Canada is a country filled with amazing diversity and beauty. From mountains to prairies, urban explosion to rural farm lands, castles and cathedrals to lighthouses and green gables. Our history is rich with the stories of the peoples who live here – from sea to sea to sea. 

But, it’s also huge! Canada is the 2nd largest country in the world and, for most people, the opportunity to visit all around is almost impossible. 

As a child, summer meant cramming into the family station wagon with a trailer hitched to the back. Off we would go exploring Canada and the US. It’s an experience that I look back on now with fondness, although I know I didn’t fully appreciate it at the time. Unfortunately, it’s not likely something I can experience with my own children, as the cost of travel and the rhythm of our lives is much different than my family growing up. 

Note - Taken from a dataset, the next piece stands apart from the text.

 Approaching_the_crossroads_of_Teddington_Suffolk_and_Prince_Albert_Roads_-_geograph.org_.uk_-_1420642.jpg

Realizing that, I decided that I wanted to make a virtual version of the experience of learning all about what Canada has to offer – and The Canadian Adventure: A Virtual Trip Across Canada was born. It’s the chance to discover Canada from the comfort of home

A map of Canada and a Canada flag suitcase with text that reads "The Canadian Adventure: A Virtual Trip Across Canada."

This post contains affiliate links.

Canadian Iconic Tourist Spots

What are the top tourist spots in Canada? How many can you think of? 

There are many popular places that people want to visit when they are travelling across Canada, like these:

  • Niagara Falls in Ontario
  • Chateau Frontenac in Quebec
  • Lake Louise / Banff in Alberta
  • Green Gables in PEI
  • L’Anse Aux Meadows in Newfoundland
  • Calgary Stampede in Alberta
  • Stanley Park in British Columbia
  • CN Tower in Ontario
  • Hopewell Rocks in New Brunswick
  • West Edmonton Mall in Alberta
  • Parliament Hill in Ontario
  • Capilano Suspension Bridge in British Columbia

Nearly 200,000 people visit Green Gables every year. That’s a lot of house guests! 

When doing this virtual adventure, I wanted to make sure that we included these popular attractions, because they are important. Some of these are just for fun, some are cultural experiences, some are breathtaking natural features, and others are historical. So of course we need to experience them. 

But how? 

We do this through videos, websites, dropping ourselves down onto Google Maps and wandering around, and photos. We get right into the experience as much as possible so that it feels as close to being there as we can get it. 

Canada’s Hidden Gems

But there’s so much more to Canada than the big features. Every province and territory has unique experiences, features, and things to see – so we need to make sure that we take a look at them too.

Did you know that Canada has a large sand desert? It’s true. It’s called the Athabasca Sand Dunes in Saskatchewan and it’s nearly 100 km long! 

Here are some other fun things to discover while travelling around: 

  • An igloo church
  • A magnetic hill
  • A lake monster
  • Several oversized statues (like a massive lobster and a big nickel!) 
  • Forts, Outposts, and Citadels

Canada’s natural elements are incredibly important too. Have you ever heard that we have:

  • An iceberg highway?
  • A mountain that fell apart?
  • Sand that sings? (Well, it more makes a weird squeaking sound than singing, at least to my ears!) 
  • A 1000 year old tree that is over 66 meters (215+ feet) tall? 
  • A group of mountains named after Norse gods?
  • Dinosaur bones?

The coolest part about doing a virtual trip across Canada is that you can actually see places that you might not get to if you were actually travelling, because we aren’t restricted by time, money, or accessibility. In fact, we can even travel to some locations that are only available to few visitors a year due to their location, elements, or preservation. It’s pretty amazing, honestly. 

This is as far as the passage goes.